Después de un tiempo lo encontré de nuevo y me invitó a su departamento; cuando llegué estaba en medias. Lo único que hizo fue cargar el mate y nos gastamos unas horas hablando de bueyes perdidos (aunque esos bueyes dolieran en el alma). Pero Pedro siempre dosificaba todo con el buen humor. Esa tarde me contó aquella historia de su investigación sobre la vida de Roque Dalton. Dijo que en El Salvador encontró a un viejito que era zapatero y le contó esta anécdota: En los tiempos del Frente Farabundo Martí, Roque escribía y publicaba poemas desde la clandestinidad, firmados con varios seudónimos, hasta con nombres de mujer. Era uno de las presas más codiciadas por la dictadura. Y era uno de los poetas más queridos del pueblo pero nadie, ni sus familiares, podían dar con su paradero. Dice que aquel viejito sabio, tío de Roque, recibió la noticia de que por una aldea de las afueras había pasado un flaquito simpático que se había acostado con la madre, con las cuatro hijas y con una criada. Entonces el viejito dio un grito: «¡Por ahí anda mi Roquito!». Pedro contaba esta historia y concluía con una gran carcajada como festejando la tanta vida.
También le gustaba contar las peripecias de su estancia en Centroamérica, como cuando un profesor amigo lo invitó a ir al frente de batalla de la guerrilla y lo llevó en una balsa, con mujeres, ancianos y niños, cantando y comiendo comidas típicas, portando sólo una remerita, unos pantalones cortos y un gran pánico. O aquella anécdota donde se mofaba de sí mismo como «porteño engreído» cuando quiso levantarse a una bailarina cubana de cabaret y trató de impresionarla con cierta erudición pues acababa de ganar el Premio Casa de las Américas. Pedro decía «Ahí me coroné como el rey de los boludos. La mina no sólo era bailarina, o punto del cabaret, sino que además era profesora de filosofía, sabía un montón de literatura y hablaba varios idiomas, ¡además de ser dirigente en un frente en África!». Y a todos sus relatos los cerraba con una gran carcajada de placer.

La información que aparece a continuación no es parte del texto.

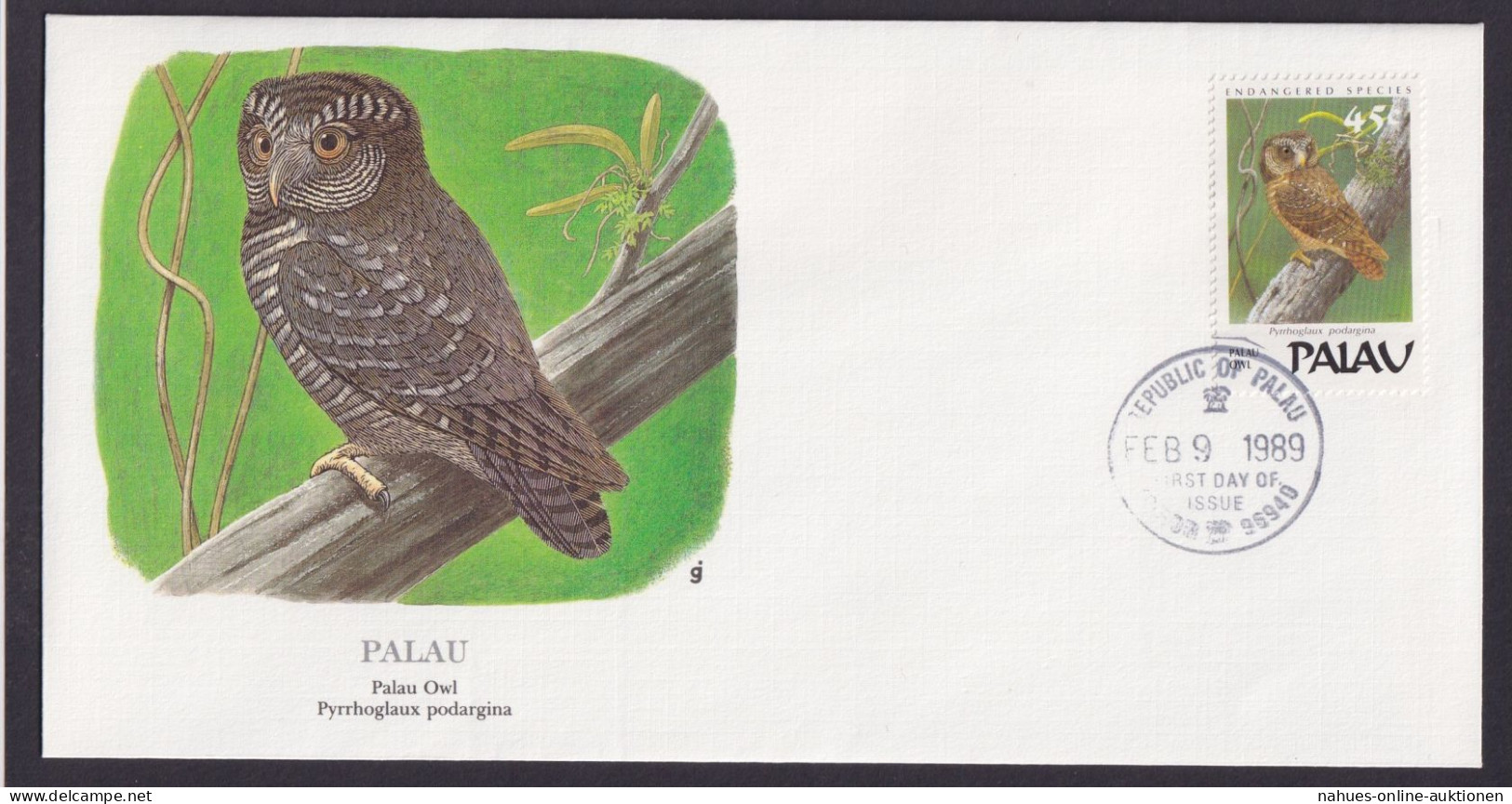 Palau Übersee Ozeanien Tiere Vögel Greifvögel Palau Eule Schöner Künstler Brief - Palau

Aquella tarde escribió la contratapa de mi poemario «Fosa común» de un tirón. Entonces me comentó que estaba poniendo una obra de teatro y que gran parte de sus libros se estaban traduciendo en Francia. (Nunca olvidaré esa tarde, en el pequeño entrepiso de madera en su departamento de la calle Marcelo T. de Alvear, en medias y con una viejísima Olivetti verde). Ese día me dejó la última lección: «Debemos entender que no siempre se es protagonista», me dijo refiriéndose a los cumpas que cayeron en La Tablada.
El 19 de enero de 2003, justo cuando iba a empezar una nueva Argentina, ese hombre y artista ejemplar llamado Pedro Orgambide nos dejó la posta y pasó a eternizarse en el rincón más tierno de la memoria de los corazones nobles de este país, inventando mundos, riéndose a carcajadas, caminando en medias: «calzando en la cintura la belleza, llevando la palabra remontada».